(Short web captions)
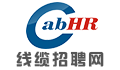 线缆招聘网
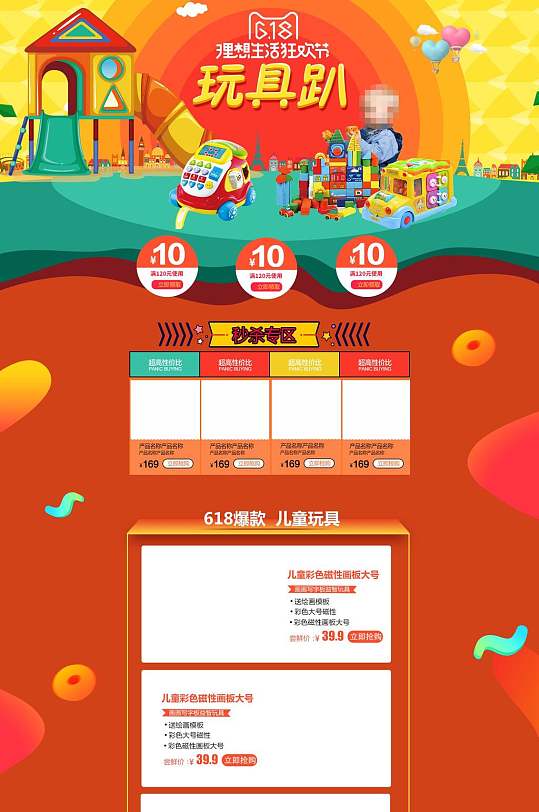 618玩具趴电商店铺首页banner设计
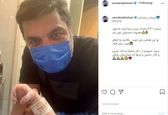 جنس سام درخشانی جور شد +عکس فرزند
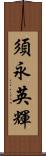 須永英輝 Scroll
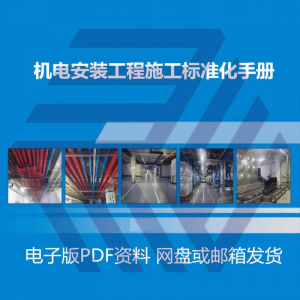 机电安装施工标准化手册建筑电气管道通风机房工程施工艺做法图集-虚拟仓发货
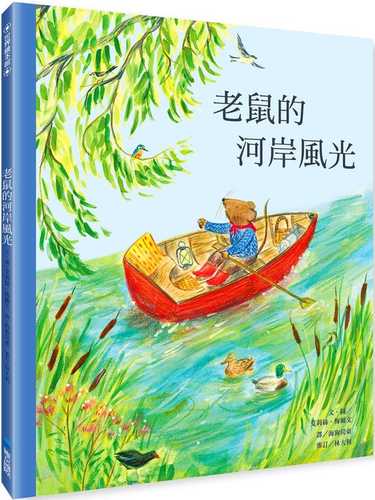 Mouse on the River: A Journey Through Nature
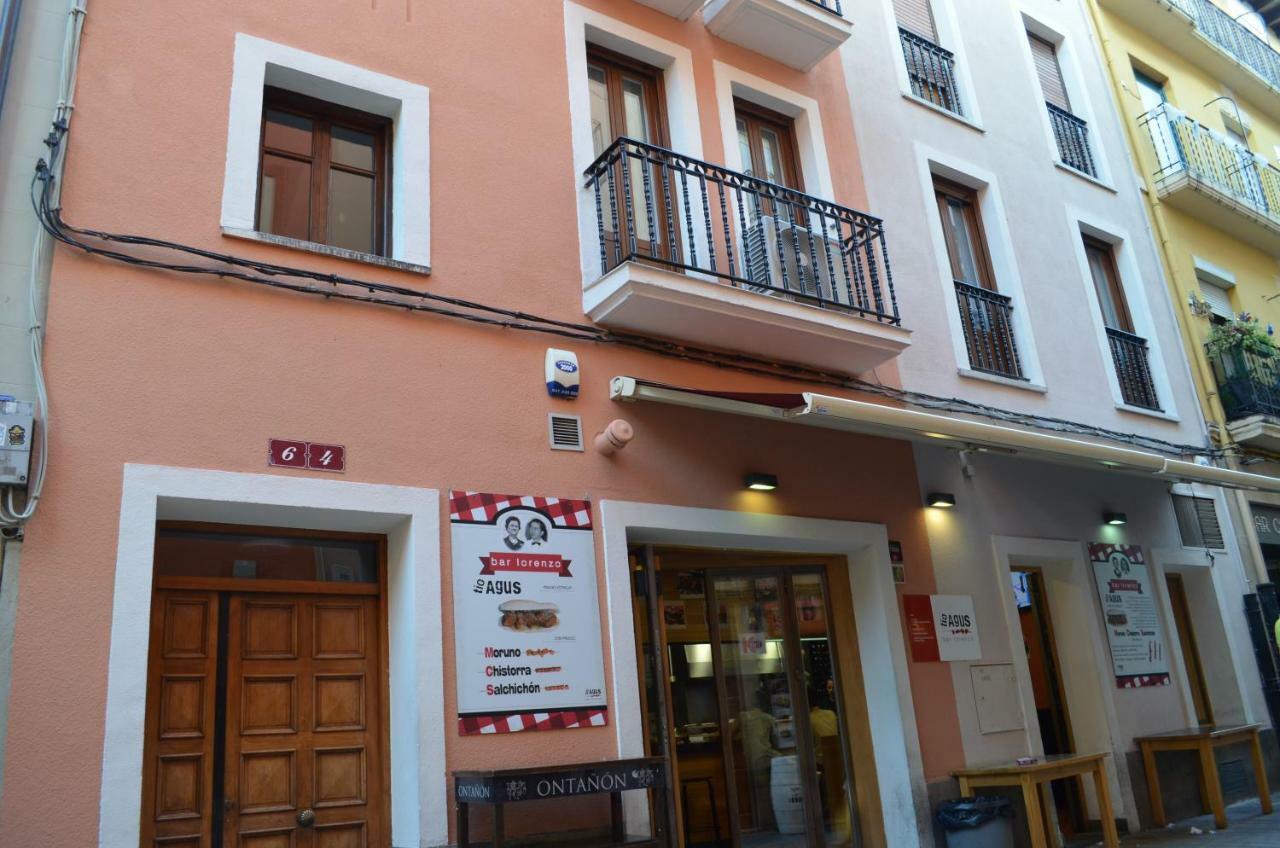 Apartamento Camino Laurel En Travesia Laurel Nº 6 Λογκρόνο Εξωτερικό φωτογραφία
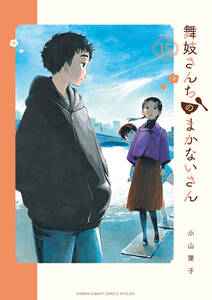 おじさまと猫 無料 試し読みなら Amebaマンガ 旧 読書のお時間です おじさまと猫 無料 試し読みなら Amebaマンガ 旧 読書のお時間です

**Exercise details**
Omit the pictures and print again exactly the lines from the one with "Mouse on the River: A Journey Through Nature" through the final line of the entries, both ends included.

**Expected output**
 Mouse on the River: A Journey Through Nature
 Apartamento Camino Laurel En Travesia Laurel Nº 6 Λογκρόνο Εξωτερικό φωτογραφία
 おじさまと猫 無料 試し読みなら Amebaマンガ 旧 読書のお時間です おじさまと猫 無料 試し読みなら Amebaマンガ 旧 読書のお時間です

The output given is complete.